- _Supplied entries_

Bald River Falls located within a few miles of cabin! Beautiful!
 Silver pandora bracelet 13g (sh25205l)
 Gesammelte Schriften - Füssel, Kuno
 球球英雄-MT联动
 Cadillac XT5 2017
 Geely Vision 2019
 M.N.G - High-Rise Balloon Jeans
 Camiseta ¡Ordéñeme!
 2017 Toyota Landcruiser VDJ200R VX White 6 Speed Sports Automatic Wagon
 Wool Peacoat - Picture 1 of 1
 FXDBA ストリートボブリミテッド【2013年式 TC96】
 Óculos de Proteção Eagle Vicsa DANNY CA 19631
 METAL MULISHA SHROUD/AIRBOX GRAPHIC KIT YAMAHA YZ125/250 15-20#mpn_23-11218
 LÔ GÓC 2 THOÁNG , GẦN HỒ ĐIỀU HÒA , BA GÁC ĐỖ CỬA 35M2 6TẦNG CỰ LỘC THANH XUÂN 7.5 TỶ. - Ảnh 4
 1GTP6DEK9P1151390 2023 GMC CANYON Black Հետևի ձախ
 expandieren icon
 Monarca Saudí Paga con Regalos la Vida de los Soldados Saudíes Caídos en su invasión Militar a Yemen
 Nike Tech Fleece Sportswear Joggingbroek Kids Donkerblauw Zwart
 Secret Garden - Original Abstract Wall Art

- _The task_
Starting with the line above that holds "2017 Toyota Landcruiser" and stopping with the line that holds "METAL MULISHA SHROUD/AIRBOX", reproduce each line exactly, omitting all other lines.

- _Your response_
 2017 Toyota Landcruiser VDJ200R VX White 6 Speed Sports Automatic Wagon
 Wool Peacoat - Picture 1 of 1
 FXDBA ストリートボブリミテッド【2013年式 TC96】
 Óculos de Proteção Eagle Vicsa DANNY CA 19631
 METAL MULISHA SHROUD/AIRBOX GRAPHIC KIT YAMAHA YZ125/250 15-20#mpn_23-11218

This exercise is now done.